もし来週、あなたの会社が1か月止まったとしたら。
従業員の給与や家賃、リース料、借入の返済といった支払いは、売上がゼロになっても止まってくれません。
手元の現金だけで何か月もちこたえられるか、パッと答えられる社長は少ないでしょう。
2026年8月、事業継続計画(BCP)の策定状況をまとめた調査結果が公表されました。
BCPとは、災害や事故で事業が止まったときに、誰が何をどう動かすかをあらかじめ決めておく計画のことです。
その数字を見ると、備えが進んでいる会社とそうでない会社の差が、はっきり出ていました。
では、いま中小企業の備えはどこまで進んでいるのでしょうか。
BCPを作っている中小企業は2割に満たない
公表された調査結果は、次のような内容でした。
BCPの策定率は21.4%で、前回調査から1.0ポイント増加し、過去最高となった。一方で「策定していない」企業は40.7%にのぼる。企業規模別にみると、大企業の39.9%に対して中小企業は18.3%にとどまり、規模間の格差は依然として大きい。
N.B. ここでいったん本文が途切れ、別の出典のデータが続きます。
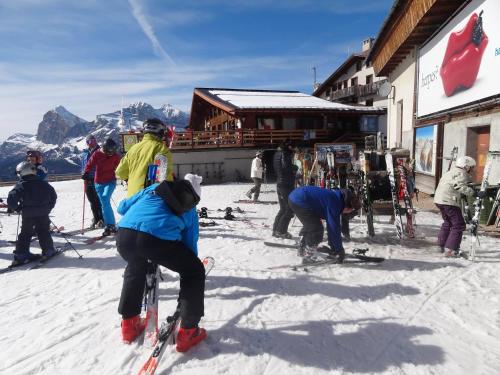 a group of people on skis in the snow near a building at Hotel Pontechiesa in Cortina dʼAmpezzo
策定していない理由としては、スキル・人材・時間の不足が挙げられている。
— 2026年8月に公表された、帝国データバンクの調査より
中小企業の策定率は、わずか18.3%です。
5社に1社にも届いていません。
とはいえ、作っていない理由を責める気にはなれない内容です。
スキルがない、人がいない、時間がない。
日々の資金繰りと現場を回すだけで手一杯という会社に、分厚い計画書を作る余裕はありません。
それが実際のところでしょう。
ですが、何も決めないまま日々を過ごしてしまうのは、やはり危険なんです。
計画に「お金」の項目が入っているか?
BCPと聞いて多くの社長が思い浮かべるのは、避難の段取りや連絡網ではないでしょうか。
従業員の安否確認、取引先への連絡手順、代わりの作業場所や在庫の置き場といったところでしょう。
どれも欠かせません。
ただ、ここで一つ気をつけていただきたいことがあります。
その計画に「お金」の項目は入っているでしょうか。
事業が止まるというのは、入ってくるお金が止まるということです。
一方で、出ていくお金は止まりません。
給与、家賃、リース料、水道光熱費、社会保険料、そして借入の返済などなど。
売上がゼロの月でも、これらは容赦なく引き落とされていきます。
ここに手当てがないまま数週間が過ぎると、どんどん現金が減っていきます。
そして気づいたときには、事業を再開するための体力そのものが残っていない、、、
そんな事態にもなりかねません。
復旧の段取りがどれだけ緻密でも、現金が尽きてしまえば会社は動けなくなってしまいます。
うちは何か月もちこたえられるか
では、何から決めればいいのでしょう。
難しい計画書は要りません。
まずは、次の3つを順番に出してみてください。
- 1か月に必ず出ていくお金(給与・家賃・リース料・借入の返済など)はいくらか
- いま自由に動かせる現預金はいくらあるか
- 現預金を1か月分の支出で割ると、何か月分になるか
3つ目で出た数字が、売上が止まったときに会社がもちこたえられるおおよその期間です。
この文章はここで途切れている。